Tuesday, October 26, 2010

Portrait of Junior Year.


It's crazy to think that I'm so close to graduating.  I've been taking college courses since I was 14 and now it's starting to wind down.  Have I learned enough in my time here?  Have I taken advantage of every opportunity that was given me?  It's a little scary to think that in such a short amount of time I will be 'on my own' and expected to just run with it.

I'll hardly be underprepared.  Temple (read: Dr.

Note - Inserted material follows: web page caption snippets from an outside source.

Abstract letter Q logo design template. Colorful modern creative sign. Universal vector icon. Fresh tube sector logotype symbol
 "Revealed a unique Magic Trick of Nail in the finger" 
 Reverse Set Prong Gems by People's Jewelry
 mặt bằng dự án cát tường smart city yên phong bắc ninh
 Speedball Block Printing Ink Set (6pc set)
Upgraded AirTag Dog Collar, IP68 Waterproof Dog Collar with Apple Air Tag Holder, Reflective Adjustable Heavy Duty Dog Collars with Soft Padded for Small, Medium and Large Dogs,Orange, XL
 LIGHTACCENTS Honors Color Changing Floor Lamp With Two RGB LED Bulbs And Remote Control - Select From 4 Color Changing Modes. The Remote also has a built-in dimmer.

Trayes) has been bootcamp for photojournalists.  I'm exhausted.  I hardly sleep.  I don't go out.  But my photography has improved, as has my ability to get the shot no matter what, to tell the story, to accomplish what I thought was impossible.  I've learned a lot about what I'm capable of.

I'm grateful for the experience.  I'm glad to know that I can work hard and achieve something difficult.  But I know that this isn't what I want for my life.  I love photography, I love the people I photograph, I love getting the story.  And there was a time when I would thrive off of the adrenaline.  These days, I dream about settling into a little home in the mountains with my husband and family and opening a cafe.  I dream about photographing my kids as they grow and learn things.  I want to document pregnancy and birth - I want to pursue the things I  care about.  I am worn out - I don't care about breaking news the way I do about family.


I'm homesick for something I've never known.  I'm longing for a place I've never really been.  I'm proud to know that I can work as hard as I have... but all I want is for life to slow down.